• WHAT YOU ARE ASKED TO DO:
Lines from the beginning of the data through the line containing "The Strength Training" are to be copied exactly, with no other line included.

○ ○ ○ ○

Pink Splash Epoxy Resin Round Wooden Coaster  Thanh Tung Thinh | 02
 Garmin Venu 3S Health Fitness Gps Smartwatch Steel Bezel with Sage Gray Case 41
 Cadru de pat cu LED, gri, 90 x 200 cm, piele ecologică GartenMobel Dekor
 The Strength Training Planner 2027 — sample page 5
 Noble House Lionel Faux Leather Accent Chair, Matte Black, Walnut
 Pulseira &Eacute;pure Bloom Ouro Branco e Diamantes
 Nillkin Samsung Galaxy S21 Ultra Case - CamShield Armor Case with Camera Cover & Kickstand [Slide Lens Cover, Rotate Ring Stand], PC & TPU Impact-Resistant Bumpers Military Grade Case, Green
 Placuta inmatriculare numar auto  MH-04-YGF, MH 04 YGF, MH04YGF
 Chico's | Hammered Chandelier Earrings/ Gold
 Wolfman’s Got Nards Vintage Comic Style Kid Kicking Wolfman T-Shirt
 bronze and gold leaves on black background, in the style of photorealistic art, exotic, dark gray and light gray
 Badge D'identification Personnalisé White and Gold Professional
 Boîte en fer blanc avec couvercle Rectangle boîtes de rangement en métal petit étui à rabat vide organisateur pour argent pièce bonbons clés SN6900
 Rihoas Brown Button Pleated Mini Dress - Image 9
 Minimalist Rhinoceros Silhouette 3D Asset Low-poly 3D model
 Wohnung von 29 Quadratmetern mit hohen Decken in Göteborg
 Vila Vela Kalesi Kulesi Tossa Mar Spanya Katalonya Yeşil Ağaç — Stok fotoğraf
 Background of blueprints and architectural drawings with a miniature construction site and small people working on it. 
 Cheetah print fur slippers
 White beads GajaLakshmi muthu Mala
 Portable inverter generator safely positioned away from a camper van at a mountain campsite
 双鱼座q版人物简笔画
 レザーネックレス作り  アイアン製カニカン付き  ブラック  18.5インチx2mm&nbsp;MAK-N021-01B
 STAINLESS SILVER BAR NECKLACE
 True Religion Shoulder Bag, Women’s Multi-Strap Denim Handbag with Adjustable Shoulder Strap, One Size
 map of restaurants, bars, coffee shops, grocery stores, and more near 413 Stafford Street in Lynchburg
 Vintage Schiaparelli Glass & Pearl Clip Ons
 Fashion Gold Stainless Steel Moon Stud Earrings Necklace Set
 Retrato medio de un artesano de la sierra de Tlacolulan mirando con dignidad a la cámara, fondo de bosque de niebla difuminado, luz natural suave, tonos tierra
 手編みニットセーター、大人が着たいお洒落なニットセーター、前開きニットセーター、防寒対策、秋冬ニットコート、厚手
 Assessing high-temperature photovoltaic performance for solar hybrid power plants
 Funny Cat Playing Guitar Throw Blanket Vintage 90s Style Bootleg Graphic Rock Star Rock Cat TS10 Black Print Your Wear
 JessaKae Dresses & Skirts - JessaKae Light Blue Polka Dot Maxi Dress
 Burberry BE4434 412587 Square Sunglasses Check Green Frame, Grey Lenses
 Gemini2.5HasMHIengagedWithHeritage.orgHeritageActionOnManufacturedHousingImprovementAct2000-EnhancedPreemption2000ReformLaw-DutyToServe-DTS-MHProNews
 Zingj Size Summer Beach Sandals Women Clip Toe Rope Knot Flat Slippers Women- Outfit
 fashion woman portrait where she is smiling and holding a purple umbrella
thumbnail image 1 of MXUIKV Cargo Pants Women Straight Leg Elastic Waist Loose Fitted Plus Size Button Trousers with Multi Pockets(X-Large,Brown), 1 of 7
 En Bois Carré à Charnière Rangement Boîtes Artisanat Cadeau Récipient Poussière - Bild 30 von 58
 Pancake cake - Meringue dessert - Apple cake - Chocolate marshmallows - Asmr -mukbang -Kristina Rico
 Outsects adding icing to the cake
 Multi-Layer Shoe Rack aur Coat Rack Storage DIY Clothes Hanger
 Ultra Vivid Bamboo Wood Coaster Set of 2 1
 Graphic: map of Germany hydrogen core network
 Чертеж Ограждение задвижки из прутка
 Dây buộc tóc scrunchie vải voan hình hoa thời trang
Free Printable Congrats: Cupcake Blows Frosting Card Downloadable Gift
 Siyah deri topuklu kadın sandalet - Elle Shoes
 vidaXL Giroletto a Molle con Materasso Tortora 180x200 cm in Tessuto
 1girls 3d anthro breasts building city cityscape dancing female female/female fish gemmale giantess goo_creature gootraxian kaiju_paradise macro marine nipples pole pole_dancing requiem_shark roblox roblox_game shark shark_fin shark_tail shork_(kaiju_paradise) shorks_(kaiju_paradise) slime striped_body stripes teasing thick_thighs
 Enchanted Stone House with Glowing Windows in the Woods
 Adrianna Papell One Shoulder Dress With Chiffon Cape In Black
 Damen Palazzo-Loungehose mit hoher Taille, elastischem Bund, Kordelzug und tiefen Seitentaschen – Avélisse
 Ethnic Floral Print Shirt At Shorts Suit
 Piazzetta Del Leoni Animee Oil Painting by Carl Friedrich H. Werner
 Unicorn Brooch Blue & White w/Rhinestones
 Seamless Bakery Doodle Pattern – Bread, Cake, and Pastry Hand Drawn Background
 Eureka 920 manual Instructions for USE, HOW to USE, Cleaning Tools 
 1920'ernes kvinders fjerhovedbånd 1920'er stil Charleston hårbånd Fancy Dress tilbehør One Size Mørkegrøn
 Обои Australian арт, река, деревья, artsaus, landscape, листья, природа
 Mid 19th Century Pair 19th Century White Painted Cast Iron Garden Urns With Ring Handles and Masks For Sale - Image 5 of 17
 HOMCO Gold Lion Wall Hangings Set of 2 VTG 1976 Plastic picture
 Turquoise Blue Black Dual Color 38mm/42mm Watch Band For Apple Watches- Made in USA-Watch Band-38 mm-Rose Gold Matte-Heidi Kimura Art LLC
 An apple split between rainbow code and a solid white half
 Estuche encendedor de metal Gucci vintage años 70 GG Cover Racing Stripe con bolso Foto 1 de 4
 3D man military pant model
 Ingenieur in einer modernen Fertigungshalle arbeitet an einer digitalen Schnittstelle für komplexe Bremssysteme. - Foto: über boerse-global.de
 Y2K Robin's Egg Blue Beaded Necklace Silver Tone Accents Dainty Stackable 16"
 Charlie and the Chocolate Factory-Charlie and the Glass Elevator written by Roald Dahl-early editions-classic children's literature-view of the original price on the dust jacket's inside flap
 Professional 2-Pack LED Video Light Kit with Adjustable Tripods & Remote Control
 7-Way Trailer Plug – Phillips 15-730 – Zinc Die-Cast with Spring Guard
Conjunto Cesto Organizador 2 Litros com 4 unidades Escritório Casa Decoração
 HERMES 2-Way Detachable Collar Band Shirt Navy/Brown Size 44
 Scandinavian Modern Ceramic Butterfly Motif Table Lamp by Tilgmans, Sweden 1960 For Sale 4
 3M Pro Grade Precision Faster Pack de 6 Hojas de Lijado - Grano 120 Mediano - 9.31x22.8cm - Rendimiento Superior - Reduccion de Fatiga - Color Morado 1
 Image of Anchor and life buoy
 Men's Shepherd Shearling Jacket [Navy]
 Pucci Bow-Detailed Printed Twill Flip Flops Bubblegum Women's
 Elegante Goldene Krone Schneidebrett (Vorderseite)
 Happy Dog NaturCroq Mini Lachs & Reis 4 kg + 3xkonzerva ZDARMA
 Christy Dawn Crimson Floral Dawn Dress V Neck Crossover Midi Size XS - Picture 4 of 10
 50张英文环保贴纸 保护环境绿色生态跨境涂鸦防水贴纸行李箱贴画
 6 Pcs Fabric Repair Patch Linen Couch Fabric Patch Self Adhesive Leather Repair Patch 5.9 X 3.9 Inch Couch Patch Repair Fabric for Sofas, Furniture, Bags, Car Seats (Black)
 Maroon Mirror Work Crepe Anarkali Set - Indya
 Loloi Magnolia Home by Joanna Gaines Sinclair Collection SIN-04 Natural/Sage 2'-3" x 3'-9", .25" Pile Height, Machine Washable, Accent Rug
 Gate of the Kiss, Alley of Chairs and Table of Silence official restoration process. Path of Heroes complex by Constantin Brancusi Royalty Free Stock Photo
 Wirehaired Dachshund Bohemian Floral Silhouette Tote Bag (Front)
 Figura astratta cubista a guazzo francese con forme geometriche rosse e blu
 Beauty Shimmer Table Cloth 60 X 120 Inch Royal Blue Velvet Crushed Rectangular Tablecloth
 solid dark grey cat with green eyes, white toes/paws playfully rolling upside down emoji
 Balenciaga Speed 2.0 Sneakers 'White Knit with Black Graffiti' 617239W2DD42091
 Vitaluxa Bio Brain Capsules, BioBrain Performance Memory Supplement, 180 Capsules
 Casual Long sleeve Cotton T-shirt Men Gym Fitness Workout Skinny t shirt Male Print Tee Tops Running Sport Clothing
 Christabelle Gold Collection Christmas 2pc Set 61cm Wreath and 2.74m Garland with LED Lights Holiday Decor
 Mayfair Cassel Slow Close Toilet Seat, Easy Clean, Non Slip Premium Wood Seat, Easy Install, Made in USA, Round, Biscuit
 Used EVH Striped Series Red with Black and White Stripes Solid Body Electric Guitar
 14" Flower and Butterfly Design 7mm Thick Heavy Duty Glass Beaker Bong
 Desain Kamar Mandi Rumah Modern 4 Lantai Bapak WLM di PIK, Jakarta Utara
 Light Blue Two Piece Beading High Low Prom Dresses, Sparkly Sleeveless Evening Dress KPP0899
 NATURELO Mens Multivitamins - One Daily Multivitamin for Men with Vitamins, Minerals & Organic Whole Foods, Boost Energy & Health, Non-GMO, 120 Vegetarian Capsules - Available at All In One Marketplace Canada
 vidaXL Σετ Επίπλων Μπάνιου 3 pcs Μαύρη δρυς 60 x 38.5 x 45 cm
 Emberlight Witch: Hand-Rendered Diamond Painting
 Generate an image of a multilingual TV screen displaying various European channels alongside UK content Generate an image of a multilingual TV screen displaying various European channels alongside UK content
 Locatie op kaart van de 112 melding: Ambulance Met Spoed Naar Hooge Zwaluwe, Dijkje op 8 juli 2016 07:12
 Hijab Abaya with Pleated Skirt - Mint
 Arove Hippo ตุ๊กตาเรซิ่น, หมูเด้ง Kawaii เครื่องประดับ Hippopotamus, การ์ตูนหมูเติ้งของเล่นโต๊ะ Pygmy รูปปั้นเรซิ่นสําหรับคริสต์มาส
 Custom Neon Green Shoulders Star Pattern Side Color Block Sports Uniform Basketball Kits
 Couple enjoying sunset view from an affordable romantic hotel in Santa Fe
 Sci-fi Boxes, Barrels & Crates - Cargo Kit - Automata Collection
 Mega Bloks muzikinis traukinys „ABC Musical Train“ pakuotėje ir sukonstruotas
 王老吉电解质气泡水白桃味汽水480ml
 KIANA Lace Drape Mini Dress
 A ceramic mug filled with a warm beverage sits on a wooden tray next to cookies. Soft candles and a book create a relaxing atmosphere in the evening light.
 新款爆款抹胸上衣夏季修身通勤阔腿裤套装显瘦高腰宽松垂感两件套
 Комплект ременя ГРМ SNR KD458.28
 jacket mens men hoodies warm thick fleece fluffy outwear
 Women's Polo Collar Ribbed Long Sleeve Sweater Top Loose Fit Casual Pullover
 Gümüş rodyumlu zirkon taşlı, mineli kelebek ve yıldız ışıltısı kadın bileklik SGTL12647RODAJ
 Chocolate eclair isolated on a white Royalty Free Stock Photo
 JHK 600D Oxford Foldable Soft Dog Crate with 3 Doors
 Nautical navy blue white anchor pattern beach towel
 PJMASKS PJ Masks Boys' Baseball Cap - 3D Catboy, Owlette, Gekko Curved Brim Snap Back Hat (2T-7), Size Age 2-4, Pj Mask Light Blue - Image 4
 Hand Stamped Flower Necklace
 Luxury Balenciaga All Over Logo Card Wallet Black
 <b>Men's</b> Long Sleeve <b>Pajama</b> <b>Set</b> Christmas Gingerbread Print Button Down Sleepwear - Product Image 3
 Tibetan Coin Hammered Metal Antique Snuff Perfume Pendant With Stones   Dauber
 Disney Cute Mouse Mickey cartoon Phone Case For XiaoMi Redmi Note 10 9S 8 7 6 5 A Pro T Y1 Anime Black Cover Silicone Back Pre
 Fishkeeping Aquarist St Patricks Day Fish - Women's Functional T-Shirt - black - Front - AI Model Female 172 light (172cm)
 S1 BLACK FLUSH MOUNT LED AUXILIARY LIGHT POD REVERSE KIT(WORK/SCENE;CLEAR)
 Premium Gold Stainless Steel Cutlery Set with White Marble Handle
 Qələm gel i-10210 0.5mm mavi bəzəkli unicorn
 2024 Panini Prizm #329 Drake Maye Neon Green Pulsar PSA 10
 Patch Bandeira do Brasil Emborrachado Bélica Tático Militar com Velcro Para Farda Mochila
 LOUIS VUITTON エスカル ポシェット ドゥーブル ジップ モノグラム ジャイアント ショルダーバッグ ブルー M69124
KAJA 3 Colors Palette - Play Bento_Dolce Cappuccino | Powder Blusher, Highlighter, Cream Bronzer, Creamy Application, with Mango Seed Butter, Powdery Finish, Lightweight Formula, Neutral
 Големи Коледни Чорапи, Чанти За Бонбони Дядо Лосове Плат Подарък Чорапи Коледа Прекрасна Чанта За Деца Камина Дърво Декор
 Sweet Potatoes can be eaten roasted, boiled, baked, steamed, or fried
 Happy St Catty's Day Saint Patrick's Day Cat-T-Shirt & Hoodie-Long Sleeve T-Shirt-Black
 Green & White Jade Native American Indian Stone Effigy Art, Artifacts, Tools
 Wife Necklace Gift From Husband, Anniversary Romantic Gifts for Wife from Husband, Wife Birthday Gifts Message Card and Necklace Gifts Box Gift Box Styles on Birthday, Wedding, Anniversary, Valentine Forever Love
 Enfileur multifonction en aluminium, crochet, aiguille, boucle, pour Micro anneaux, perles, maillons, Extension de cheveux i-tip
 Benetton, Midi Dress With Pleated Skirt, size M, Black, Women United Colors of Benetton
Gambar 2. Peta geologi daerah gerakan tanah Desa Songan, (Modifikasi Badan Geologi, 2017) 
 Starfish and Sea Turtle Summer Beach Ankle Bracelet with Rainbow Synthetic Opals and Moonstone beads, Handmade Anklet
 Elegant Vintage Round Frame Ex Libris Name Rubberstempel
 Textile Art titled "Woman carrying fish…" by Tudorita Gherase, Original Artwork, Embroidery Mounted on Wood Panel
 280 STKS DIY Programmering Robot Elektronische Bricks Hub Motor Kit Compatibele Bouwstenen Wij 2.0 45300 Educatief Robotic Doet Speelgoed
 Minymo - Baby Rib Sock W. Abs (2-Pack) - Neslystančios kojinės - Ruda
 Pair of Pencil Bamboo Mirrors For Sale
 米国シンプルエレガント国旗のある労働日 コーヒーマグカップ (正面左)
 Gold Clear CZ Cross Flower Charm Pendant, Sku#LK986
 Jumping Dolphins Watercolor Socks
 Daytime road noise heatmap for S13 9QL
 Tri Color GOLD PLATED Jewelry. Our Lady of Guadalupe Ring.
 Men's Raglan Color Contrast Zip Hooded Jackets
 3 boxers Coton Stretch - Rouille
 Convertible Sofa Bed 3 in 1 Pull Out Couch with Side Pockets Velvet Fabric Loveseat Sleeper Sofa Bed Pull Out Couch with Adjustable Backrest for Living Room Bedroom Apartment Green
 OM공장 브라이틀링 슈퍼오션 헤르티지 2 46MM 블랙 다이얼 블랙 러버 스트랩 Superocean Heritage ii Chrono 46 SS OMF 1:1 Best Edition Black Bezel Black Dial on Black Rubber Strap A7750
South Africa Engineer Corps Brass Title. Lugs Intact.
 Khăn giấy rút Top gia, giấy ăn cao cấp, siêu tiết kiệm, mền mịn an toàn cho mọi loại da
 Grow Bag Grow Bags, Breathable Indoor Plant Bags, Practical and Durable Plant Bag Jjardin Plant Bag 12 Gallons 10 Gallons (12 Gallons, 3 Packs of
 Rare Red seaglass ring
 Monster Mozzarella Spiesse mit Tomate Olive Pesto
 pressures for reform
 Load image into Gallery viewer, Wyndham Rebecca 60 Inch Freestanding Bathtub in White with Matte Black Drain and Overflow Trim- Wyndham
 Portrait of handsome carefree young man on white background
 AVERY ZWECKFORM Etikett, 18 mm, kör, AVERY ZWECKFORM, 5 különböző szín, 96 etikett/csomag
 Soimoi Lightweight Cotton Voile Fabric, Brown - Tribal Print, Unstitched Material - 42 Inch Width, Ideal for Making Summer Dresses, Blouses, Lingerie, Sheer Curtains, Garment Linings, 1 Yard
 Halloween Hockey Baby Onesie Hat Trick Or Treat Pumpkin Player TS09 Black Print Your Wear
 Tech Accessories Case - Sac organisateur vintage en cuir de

○ ○ ○ ○

• TASK ANSWER:
Pink Splash Epoxy Resin Round Wooden Coaster  Thanh Tung Thinh | 02
 Garmin Venu 3S Health Fitness Gps Smartwatch Steel Bezel with Sage Gray Case 41
 Cadru de pat cu LED, gri, 90 x 200 cm, piele ecologică GartenMobel Dekor
 The Strength Training Planner 2027 — sample page 5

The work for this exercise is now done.